Reference: AES 6820/39
Location and date: Vatican, 22.08.1939
Summary statement: Pope urges calm in Poland.
The Holy Father, seriously concerned at the critical situation, requests you to communicate to the Government – in the manner which you consider as most advisable – that His Holiness, moved by paternal feelings towards Poland, recommends her once again to be calm and serene in order to avoid pretext of making use of force and he trusts that the conflict may be resolved peacefully buy mutual agreement.
ADSS 1.107 Valerio Valeri, France, to Luigi Maglione, Sec State.
Reference: Report 8831/264, AES 5738/39
Location and date: Paris, 20.08.1939
Summary statement: Positive press reaction to Pope’s words. Fear of war grows; France resolved to defend Poland.
The moving words in favour of peace that the Holy Father pronounced yesterday on the occasion of the audience granted to the pilgrims from Venice (1) have been reported immediately by the French Press with great deference, with the exception of a few newspapers – decidedly in favour of war – as L’Humanitie and L’Ordre, which have put forward some reserves or insinuations, or as Le Populaire which did not even mention the news.
Unfortunately, the general situation, as your Eminence well knows, has taken a step for the worse in the last few days. The danger of an armed conflict seems to be getting nearer.
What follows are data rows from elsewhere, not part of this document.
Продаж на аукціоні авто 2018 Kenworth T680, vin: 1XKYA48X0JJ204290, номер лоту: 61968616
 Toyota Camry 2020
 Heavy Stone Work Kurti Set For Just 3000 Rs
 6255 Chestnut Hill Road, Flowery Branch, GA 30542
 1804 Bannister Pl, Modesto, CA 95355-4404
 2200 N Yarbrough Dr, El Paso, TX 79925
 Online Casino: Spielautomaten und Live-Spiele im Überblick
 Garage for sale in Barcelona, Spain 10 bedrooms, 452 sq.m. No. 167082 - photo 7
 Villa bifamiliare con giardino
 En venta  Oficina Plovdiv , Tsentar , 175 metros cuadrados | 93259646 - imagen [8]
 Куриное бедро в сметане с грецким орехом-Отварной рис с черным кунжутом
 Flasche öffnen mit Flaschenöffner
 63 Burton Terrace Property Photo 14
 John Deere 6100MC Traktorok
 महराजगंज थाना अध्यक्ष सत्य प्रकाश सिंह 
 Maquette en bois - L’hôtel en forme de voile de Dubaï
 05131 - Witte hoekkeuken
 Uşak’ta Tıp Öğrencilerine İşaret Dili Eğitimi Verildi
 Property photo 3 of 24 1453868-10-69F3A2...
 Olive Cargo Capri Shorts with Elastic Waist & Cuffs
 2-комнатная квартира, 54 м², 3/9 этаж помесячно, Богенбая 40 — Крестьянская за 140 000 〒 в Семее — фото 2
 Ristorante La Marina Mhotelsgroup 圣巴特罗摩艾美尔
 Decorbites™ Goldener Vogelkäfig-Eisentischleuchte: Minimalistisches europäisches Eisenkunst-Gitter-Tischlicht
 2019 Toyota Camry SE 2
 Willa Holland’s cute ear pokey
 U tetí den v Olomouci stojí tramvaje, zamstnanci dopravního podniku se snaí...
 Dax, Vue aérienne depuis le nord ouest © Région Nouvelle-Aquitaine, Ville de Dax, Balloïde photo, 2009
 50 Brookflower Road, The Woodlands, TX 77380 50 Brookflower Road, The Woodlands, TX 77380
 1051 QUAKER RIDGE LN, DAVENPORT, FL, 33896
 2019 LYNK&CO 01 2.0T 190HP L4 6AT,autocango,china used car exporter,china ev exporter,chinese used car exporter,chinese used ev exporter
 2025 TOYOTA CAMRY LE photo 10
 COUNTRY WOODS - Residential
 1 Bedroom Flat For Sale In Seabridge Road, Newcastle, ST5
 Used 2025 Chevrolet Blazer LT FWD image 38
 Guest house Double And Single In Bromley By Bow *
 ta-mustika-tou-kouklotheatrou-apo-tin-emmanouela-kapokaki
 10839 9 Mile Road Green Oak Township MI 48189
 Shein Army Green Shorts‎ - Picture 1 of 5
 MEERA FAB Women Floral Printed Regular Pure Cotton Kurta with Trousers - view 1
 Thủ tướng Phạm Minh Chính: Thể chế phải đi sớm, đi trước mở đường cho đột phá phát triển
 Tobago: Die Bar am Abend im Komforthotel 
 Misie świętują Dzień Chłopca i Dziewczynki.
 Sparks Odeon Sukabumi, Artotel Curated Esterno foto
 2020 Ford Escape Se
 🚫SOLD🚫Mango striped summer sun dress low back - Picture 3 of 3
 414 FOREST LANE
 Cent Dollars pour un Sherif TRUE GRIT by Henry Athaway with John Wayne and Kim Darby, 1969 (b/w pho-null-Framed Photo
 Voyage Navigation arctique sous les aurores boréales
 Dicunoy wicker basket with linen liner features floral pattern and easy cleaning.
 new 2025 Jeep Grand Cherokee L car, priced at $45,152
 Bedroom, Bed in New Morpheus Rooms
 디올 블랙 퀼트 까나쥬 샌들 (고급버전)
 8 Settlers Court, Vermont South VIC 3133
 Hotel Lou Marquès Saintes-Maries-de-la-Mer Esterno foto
To repeat a figure of speech used the other day by M. Charveriat of the Foreign Office, it is as if an over-excited individual were going around with a lighted fuse in a room full of dynamite: at any moment an explosion could take place. (2)
As far as France is concerned, its attitude remains still the same. The decision, as I have already reported to your Eminence, has been placed on Poland; if that Nation thinks their rights or territory has been infringed and believes that a military intervention is necessary, France will follow them. (3)
It is hoped, however, as the Holy Father said, that no Government would take upon itself such a grave historical responsibility.
(1) ADSS 1.105.
(2) Emile Charveriat (1889-1964) Political Director, French Foreign Office 1937-40.
(3) ADSS 1.84.
ADSS 1.106 François Charles-Roux, Amb France to Holy See, to Domenico Tardini, Secretariat of State.
Reference: AES 5559/39
Location and date: Rome, 20.08.1939
Summary statement: Explains the responsibility that would be incurred by Germany should it begin a world war for Danzig. He asks that the Pope should state on whim the responsibility for the war would rest in such a case.
The international situation is so dangerously tense that, in the absence of His Eminence Cardinal Maglione, I wish to make you my confidant for the thoughts that run through my mind.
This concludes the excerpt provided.